Why Bizix Builds This
Public cloud is the right answer for plenty of workloads. It is the wrong answer for a growing list of others — sovereign data, predictable cost, hard latency, regulatory constraint, or simply being the seventh time a vendor has unilaterally moved your bill.
Bizix designs, builds, and operates hyperconverged compute and storage clusters for organisations that need cloud economics with on-prem control. Each cluster is designed by the same engineers who will support it. That is the entire model.
What You Get
- Hyperconverged Architecture: Compute and storage live in the same chassis. No external SAN, no separate fabric, no third-party array vendor in the path.
- Distributed Storage, Custom-Tuned: A distributed object-storage fabric replaces traditional RAID arrays — engineered with custom OSD layout, separated cluster and client networks, and tuning passes that move it well past a default install.
- Bizix Operator UI: A purpose-built management plane for cluster operations — designed for the daily reality of running infrastructure, not the once-a-quarter compliance audit.
- Open-Source Foundations: The hypervisor and storage layers are open-source. No per-socket licence fees, no opinionated vendor migration paths, no nasty renewal letters.
- Phased Deployment: Production-grade clusters are stood up in documented phases — from boot media and BIOS, through cluster formation, into storage tuning, hardening, and the first VM. Every step has a runbook.
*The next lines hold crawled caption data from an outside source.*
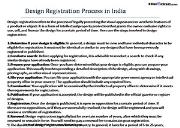 Design Registration Process in India Powerpoint Presentation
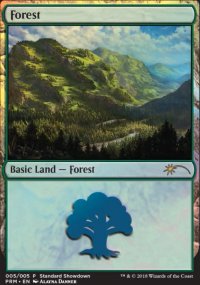 Forest - Misc. Promos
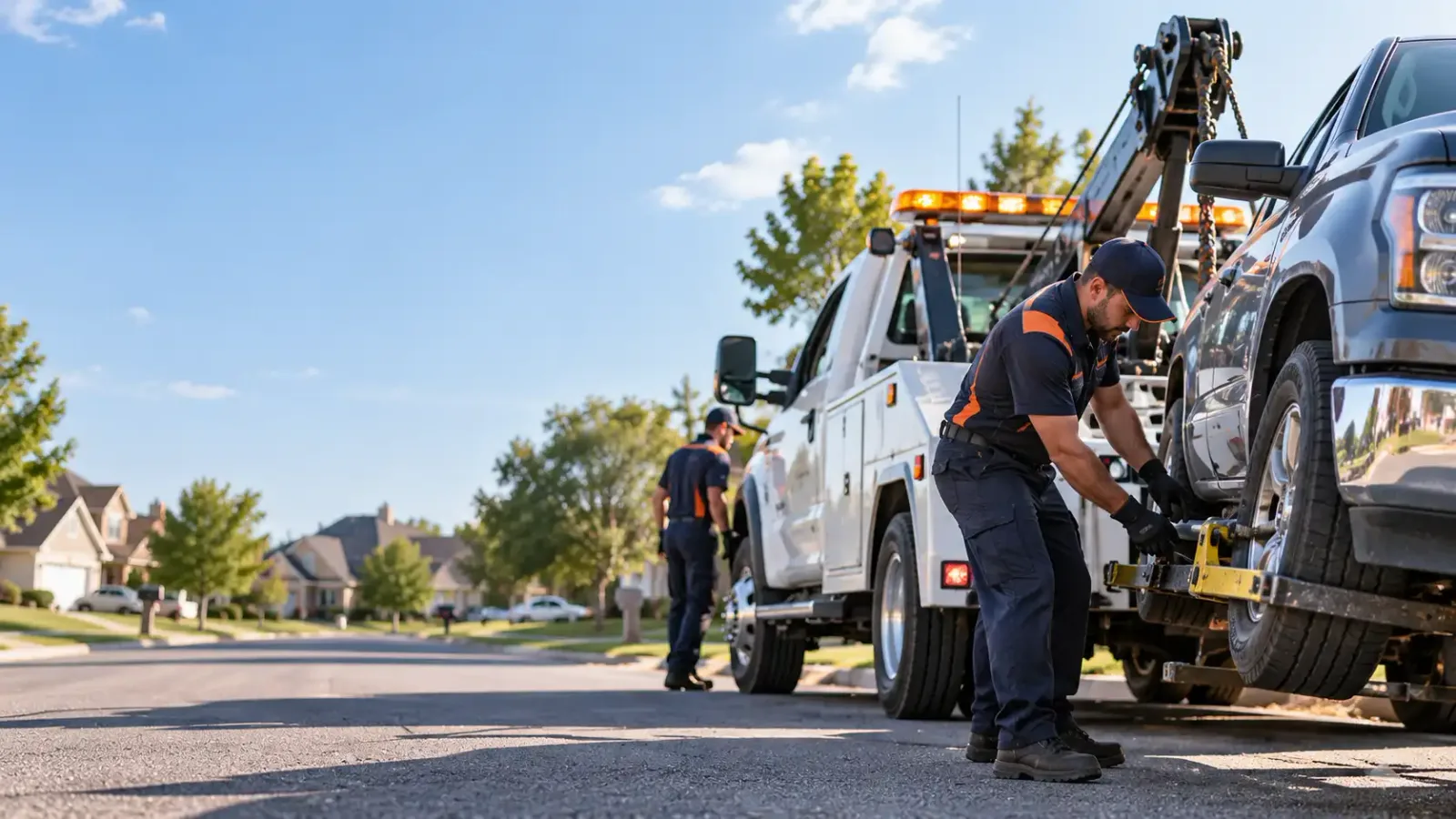 Wheel Lift Towing in Oakwood, OH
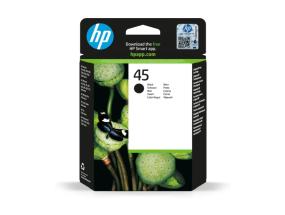HP Ink No.45 Black (51645AE)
- Sovereignty: Hardware in your premises (or our Australian floor), data on disks you own, supported by Australian engineers in Australian time zones.
Architecture At A Glance
| Layer | Detail |
|---|---|
| Form Factor | Multi-node enterprise blade chassis — compact, dense, redundant |
| Compute | Dual-socket nodes with ECC memory, sized to workload |
| Storage | Distributed object storage with separated cluster and client networks; custom OSD & placement tuning |
| Networking | Dual-homed 10Gb interconnect with VLAN segmentation across management, storage cluster, storage client, and tenant traffic |
| Hypervisor | Open-source virtualisation, no per-socket licensing |
| Management Plane | Bizix Operator UI — built in-house, operator-first |
| Resilience | Node loss tolerance, redundant networking, no single point of failure in the storage path |
| Designed In | Australia |
The Bizix Operator UI
Off-the-shelf hypervisor admin tools tend to one of two extremes: opaque enterprise consoles built around licensing checks, or developer-friendly UIs that assume you read source code for fun. Neither suits the ops team responsible for keeping the cluster up at 03:00.
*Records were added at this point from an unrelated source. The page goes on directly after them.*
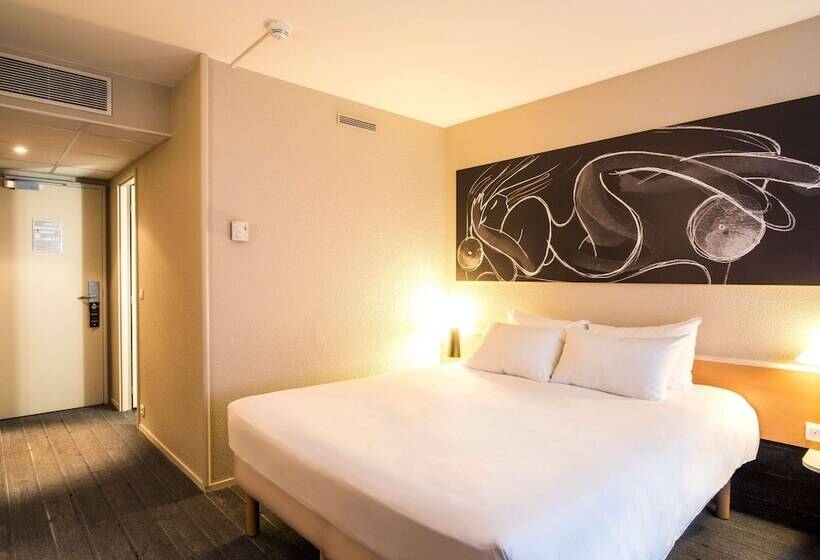 חדר סטנדרט מיטה זוגית, Ibis Metz Nord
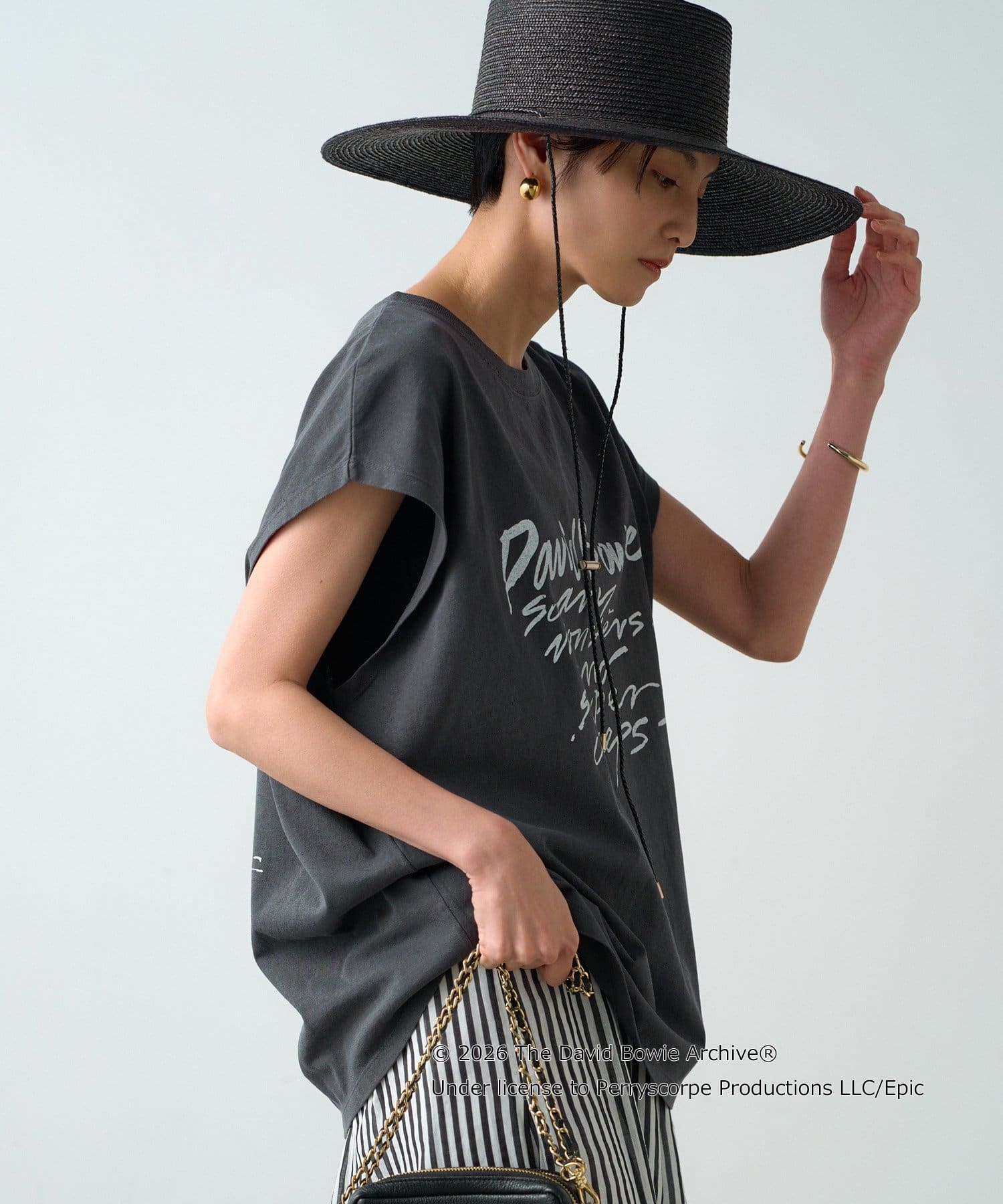 LOUNGEDRESS(ラウンジドレス) 【GOOD ROCK SPEED】DAVID BOWIE フレンチT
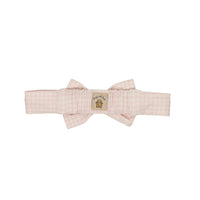 Hairband Dogtooth | Bridal Blush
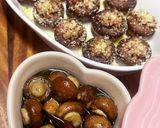 お家にある物で美味マッシュルームタパス作り方6写真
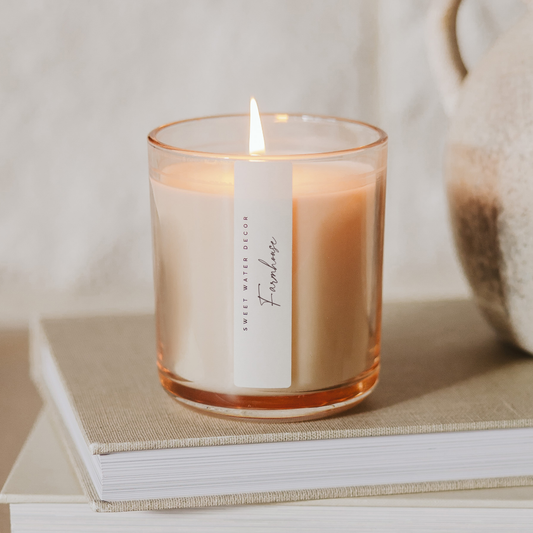 Sweet Water Decor - Farmhouse 12 oz Candle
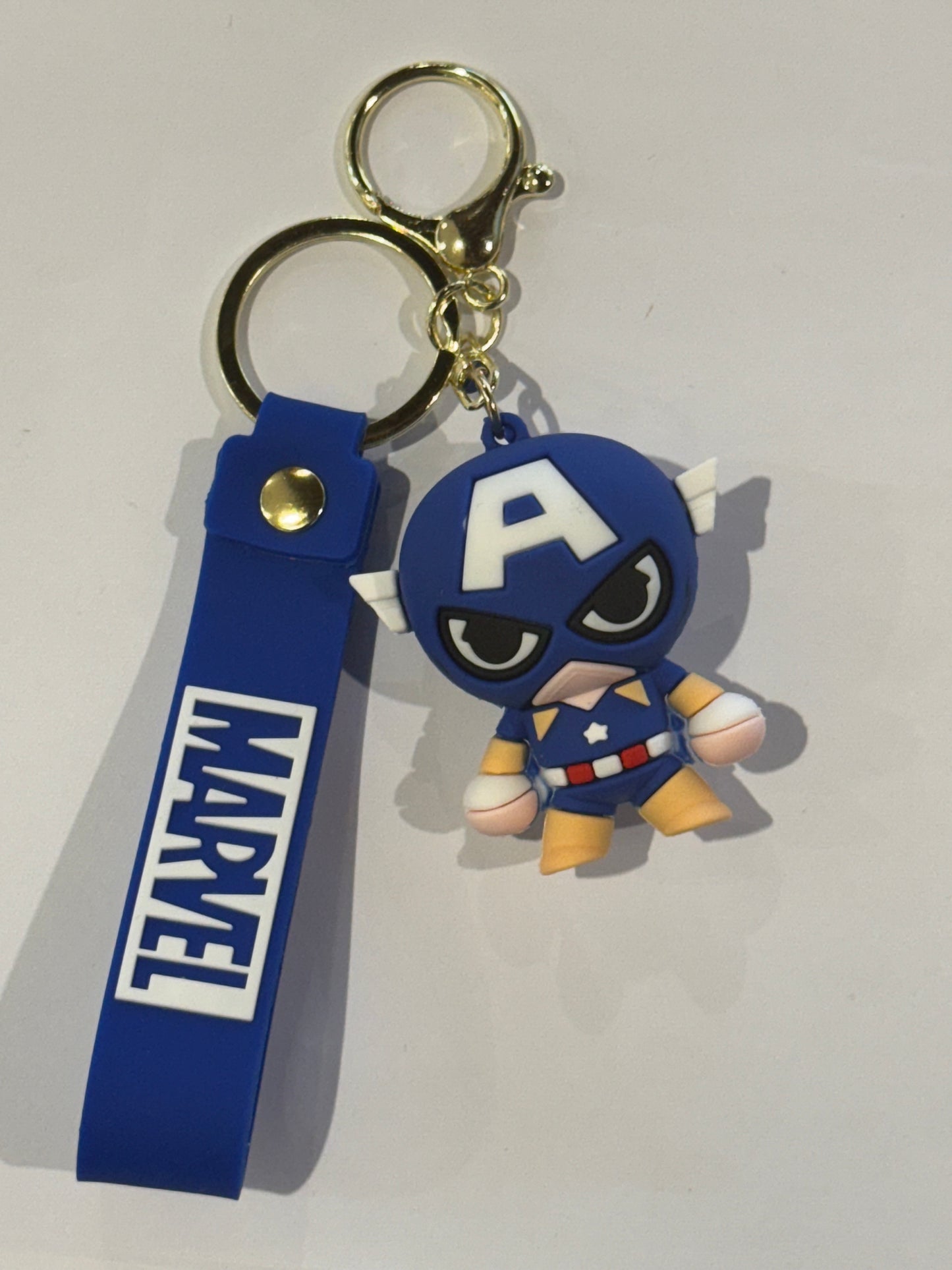 Captain America Marvels 3D Keyrings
The Bizix Operator UI is the management plane we wanted ourselves. Cluster-wide visibility, a clean operations workflow, role-aware permissions, and the on-call ergonomics of a tool designed by people who’ve been on call.
Custom Storage Tuning
A distributed storage fabric out of the box is functional but rarely optimal. Bizix performs custom tuning passes on every cluster — separating cluster replication traffic from client RBD traffic onto distinct network planes, sizing OSDs to physical drive characteristics, placing write-ahead log and metadata journals on flash where the workload demands it, and adjusting placement-group counts and CRUSH rules for the actual data shape, not the assumed one.
The result is a cluster that performs at production rather than benchmark levels — under load, under recovery, under partial-failure conditions.
Who This Is For
- Organisations leaving public cloud for cost-predictability reasons.
- Australian enterprise and government workloads with sovereignty obligations.
- Research facilities and remote sites where the WAN to a public cloud is unreliable, expensive, or both.
- Operators who’ve been burned by a vendor management plane and want one built by the people supporting it.
How A Bizix Cluster Goes In
Production-grade infrastructure does not appear by magic. Bizix deployments follow a phased runbook:
- Phase 0 — Boot Media: Per-node boot device installation; consumer USB sticks are explicitly ruled out.
- Phase 1 — Hypervisor Bring-Up: Per-node OS installation and base configuration.
- Phase 2 — Networking: VLAN segmentation, dual-homing, link-state validation across all nodes.
- Phase 3 — Cluster Formation: Quorum, replication factor, and storage-cluster bootstrap.
- Phase 4 — Storage Tuning: The custom-tuning pass — this is where Bizix earns its keep.
- Phase 5 — Hardening: Lock-down, telemetry, backups, monitoring integration.
- Phase 6 — First VM: The handover moment.